Schauen Sie heute mit neidischem Blick nach Frankreich, wo die Arbeitslosen und Gewerkschaften radikaler auftreten als hier?

Radikalität alleine garantiert nicht, daß man sich durchsetzt. Die Gewerkschaften sind auch hier kampffähig – aber in ihren eigenen Formen. Die jüngste Urabstimmung in der Stahlindustrie zeigt, daß wir über starken Einfluß verfügen.

Unlängst demonstrierten die Arbeitslosen und wollten dabei im Hotel Adlon nachsehen, was das Buffet zu bieten hat. Unterstützen Sie das?

Nein, das sind kleine Explosionen, die nichts bringen. Das verpufft. Wenn man dauerhaft arbeiten will, muß man sich grundsätzliche strategische Überlegungen machen. Am Buffet des Adlon läßt sich das Problem der Massenarbeitslosigkeit nicht lösen.

Die französischen Arbeitslosen konnten mit derartigen Aktionen ihre Regierung überzeugen, mehr Geld zu zahlen.

Das hängt nicht nur davon ab, ob man Arbeitsämter besetzt. Der Protest hierzulande muß ausschließlich friedlich bleiben.

Sind Sie bei der Berliner Arbeitslosendemonstration mitmarschiert?

Nein, vor meiner Wahl wollte ich nicht den Populisten herauskehren. Außerdem habe ich für die IG Metall zu dieser Zeit in einem Unternehmen um die Rettung von 70 Arbeitplätzen verhandelt.

Konnten Sie sie retten?

Zunächst nur für ein paar Monate – ein Zeitaufschub.

Was halten Sie vom Vorschlag des IG-Metall-Vorsitzenden Klaus Zwickel, daß der DGB sich bei seiner diesjährigen Wahlkampagne „Arbeit und soziale Gerechtigkeit“ für die rot-grüne Koalition einsetzen soll?
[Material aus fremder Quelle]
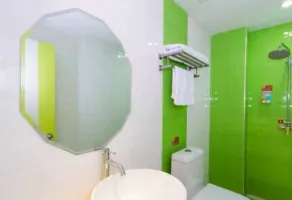 Heng 8 Hotel Tonglu South Yingchun Road - Badeværelse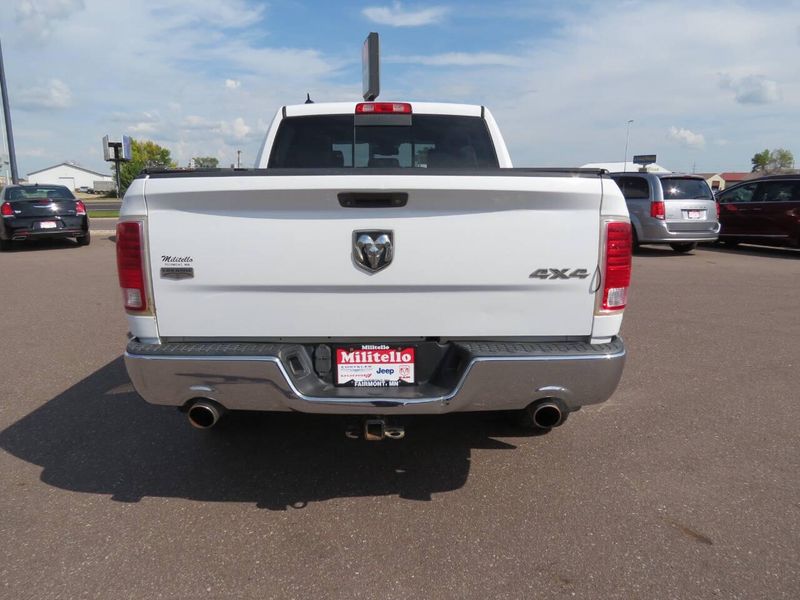 Used 2015 RAM 1500 Laramie 4x4 4dr Crew Cab 5.5 ft. SB PickupImage 4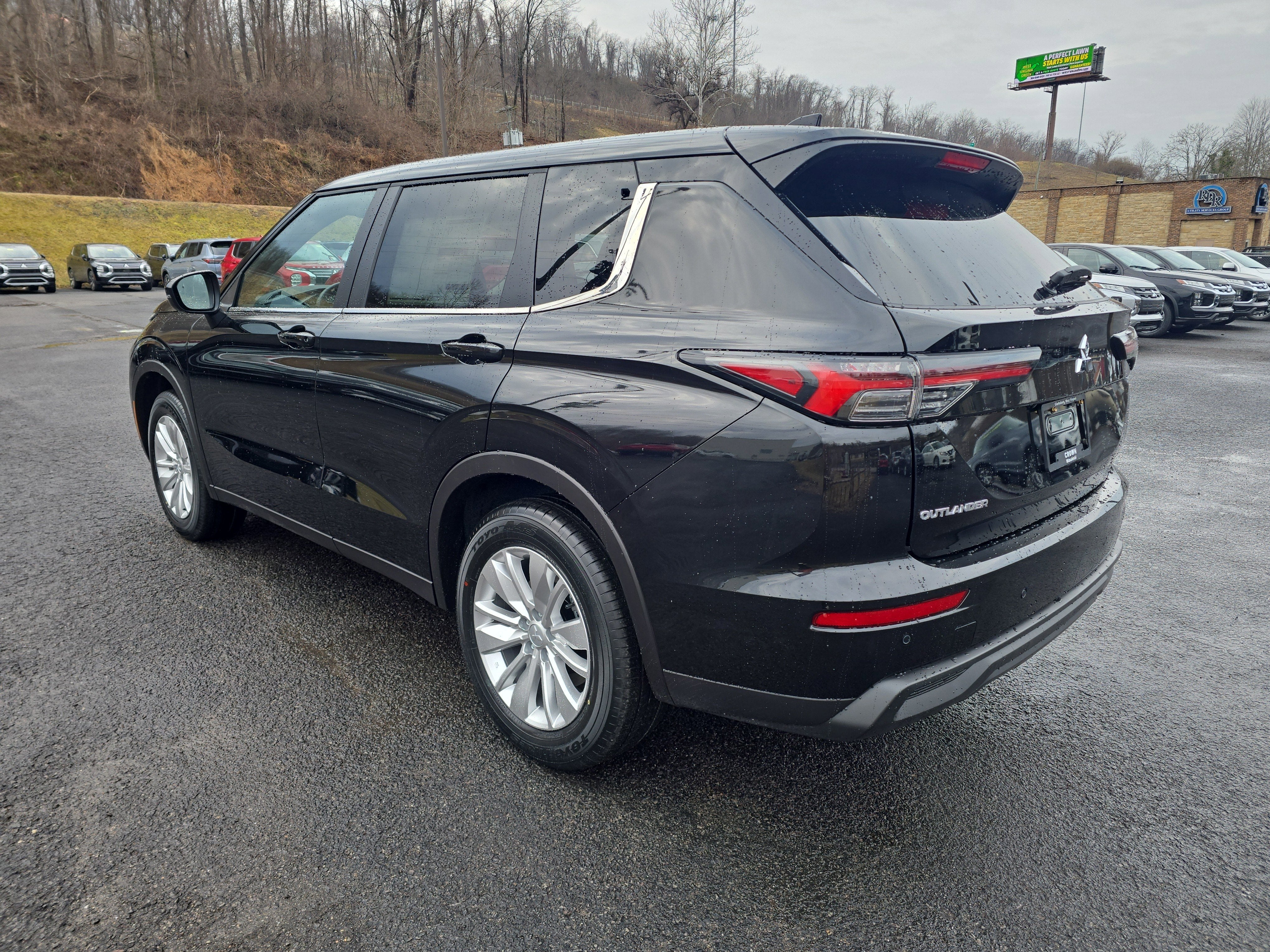 2026 Mitsubishi Outlander ES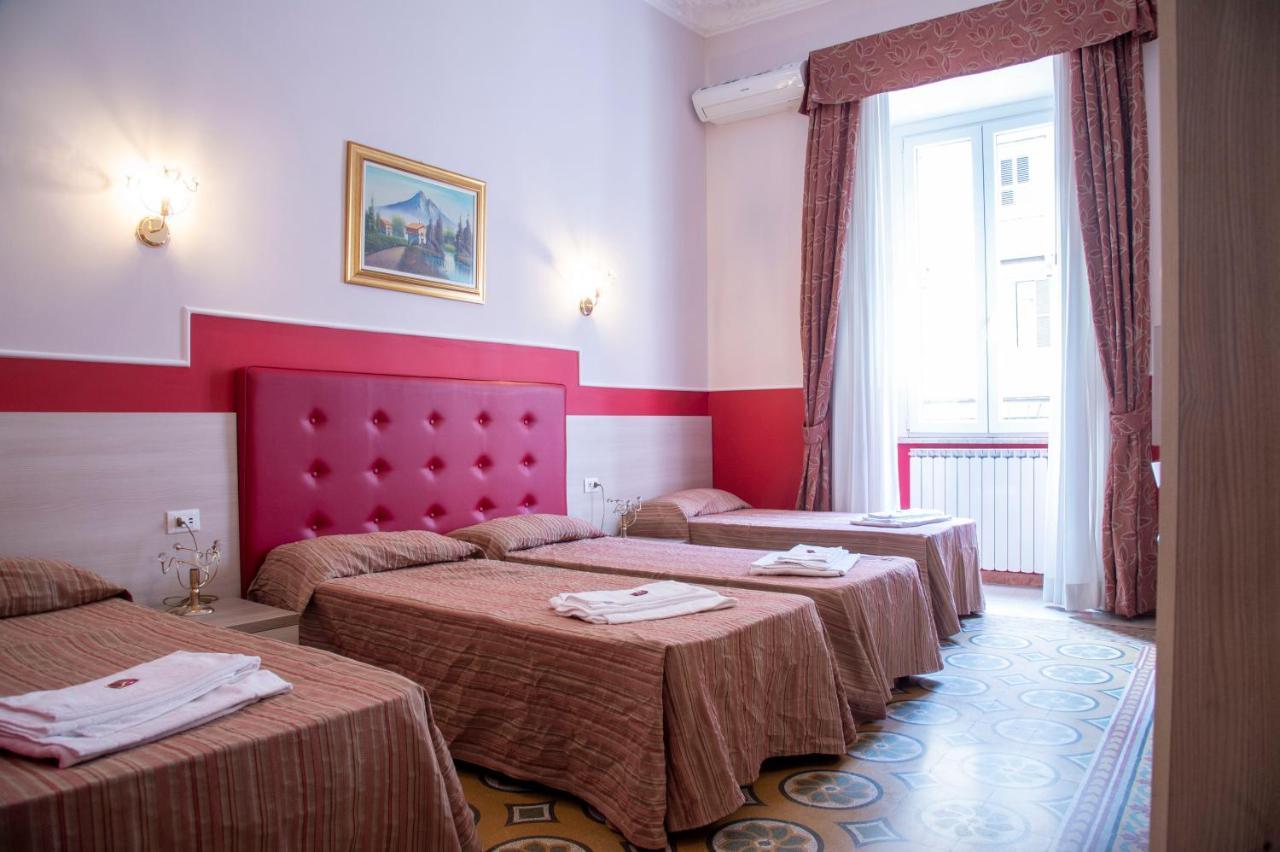 Hotel Domus Napoleone à Rome Extérieur photo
Nichts. Selbst wenn eine rot- grüne Regierung kommt, werden sich unsere inhaltlichen Forderungen nicht wie im Urknall erfüllen. Ich bin nicht sicher, daß SPD und Grüne dem Druck der Arbeitgeber auf Abschaffung der Lohnfortzahlung im Krankheitsfall standhalten. Wir müssen auf die parteiliche Unabhängigkeit achten, um möglichst viele Menschen mobilisieren zu können. Wir sind aus gutem Grund eine Einheitsgewerkschaft.

Hegen Sie Sympathie für die CDU-FDP-Regierung?

Die konservative Politik zielt darauf ab, den Arbeitsmarkt und Sozialstaat zu deregulieren. Und da bin ich gegen.

Wann haben Sie das letztemal mit Arbeitslosen gesprochen?

Gestern abend. Das waren Künstler aus meinem Bekanntenkreis, die ein Zubrot suchen.

Wann waren Sie das letztemal in einem modernen Dienstleistungsbetrieb der Telekommunikationsbranche, wo sich die Beschäftigten fröhlich ausbeuten lassen?

Da war ich ausgesprochen selten. Ich habe mich in den vergangenen Jahren vor allem um die gefährdeten Betriebe im Osten gekümmert.

Viele Leute, die in den neuen Betrieben arbeiten, sehen nicht ein, wozu Gewerkschaften, Betriebsräte und soziale Sicherung überhaupt gut sein sollen. Was würden Sie denen sagen?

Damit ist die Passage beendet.